Hunter shook his head. “No, Lord Avery, and I am here because I was quite afraid you would think that the case. Perhaps you caused a quickening in my plan, but that is all.”
“But, Hunter! You can’t mean to marry! Why, the finest mothers in the land have cast their daughters before you, women of independent wealth and means have made it quite clear that they’d be delighted to bear your name. Sir, you have escaped matrimony these many years, and it was surely your intent!”
“Ah, but what man would escape forever, Lord Avery?”
“But, Hunter…”
“Lord Avery, yesterday you but pointed out to me the very assets Kat possesses that first stole my heart. She is a beauty beyond compare, but she is also courageous and bright, vivid, eager, young…tender, caring, loving. Dear friend, what was there not for me to fall in love with?”
“Oh!”
They both looked up, startled. Margaret was at the top of the stair, looking down, and of course, she h
ad heard all.
She came sailing down the stairs and flew into Hunter’s arms, hugging him, then kissing both cheeks. “Oh, forgive me, I’m so happy! Hunter, such beautiful words. Had you ever said such things about me, I’d have swooned at your feet!”
He laughed, gently setting her away, trying very hard not to grit his teeth.
This was definitely a lot of work to maintain a good secretary. Yet the lies fell from his lips so easily!

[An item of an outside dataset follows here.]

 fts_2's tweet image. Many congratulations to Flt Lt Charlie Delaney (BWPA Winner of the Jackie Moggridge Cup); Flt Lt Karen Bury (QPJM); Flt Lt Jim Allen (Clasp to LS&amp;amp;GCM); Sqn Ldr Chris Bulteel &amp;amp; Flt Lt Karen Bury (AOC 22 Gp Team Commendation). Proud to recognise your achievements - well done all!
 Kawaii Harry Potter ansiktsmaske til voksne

Because, of course, they were all true, he thought bitterly. She had inflamed his senses from the start, and even as she firmly set him from her, she had beguiled him further. So careless was she! And, yet, perhaps, after these many years during which he had kept his distance, broken a heart here or there, it was perhaps only what he deserved. Had he known then…

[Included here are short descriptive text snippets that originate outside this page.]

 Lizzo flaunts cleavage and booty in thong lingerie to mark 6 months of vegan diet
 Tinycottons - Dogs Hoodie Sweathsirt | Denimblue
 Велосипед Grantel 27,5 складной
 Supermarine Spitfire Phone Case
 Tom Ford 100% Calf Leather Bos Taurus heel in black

“Lady Margaret, you are a golden angel, pure in heart and kindness and beauty, and some fellow out there will surely worship at your feet. In fact, I believe there are several.”
Lord Avery let out a peculiar sound. “Yes, and she had best choose soon!”
“Had I even imagined that Sir Hunter’s heart might be won, I’d have vied for it myself!” she said, smiling. “Oh, Hunter, seriously, I am thrilled for you both. We must throw a party, hastily, Father, since we’re to leave—”
“There is a small get-together tonight, just our households, a few friends, at my town house,” Hunter said, anxious to be on his way. “You’ll come, please, say around eight?”
“Of course!” Margaret said.
“Indeed, Sir Hunter,” Lord Avery said, staring at him anew. And obviously, now, believing the charade.
As he turned to leave, David Turnberry walked into the hall. The young man stopped short, seeing Hunter, and Hunter stopped, as well. “Good day, sir,” David said.
“David,” Hunter acknowledged.
Margaret floated across the floor, grasping David’s hand. “David! He’s to be married! Hunter is to be married.”
David stared at him. “To…to…?”
“Silly goose!” Margaret laughed. “To his mermaid, Miss Adair!”
The color drained from the young man’s face.
“David, you must congratulate Sir Hunter!” Margaret chided, obviously not noticing his sudden pallor.
Stiffly, David extended a hand. His Adam’s apple bobbed. “Congratulations,” he said.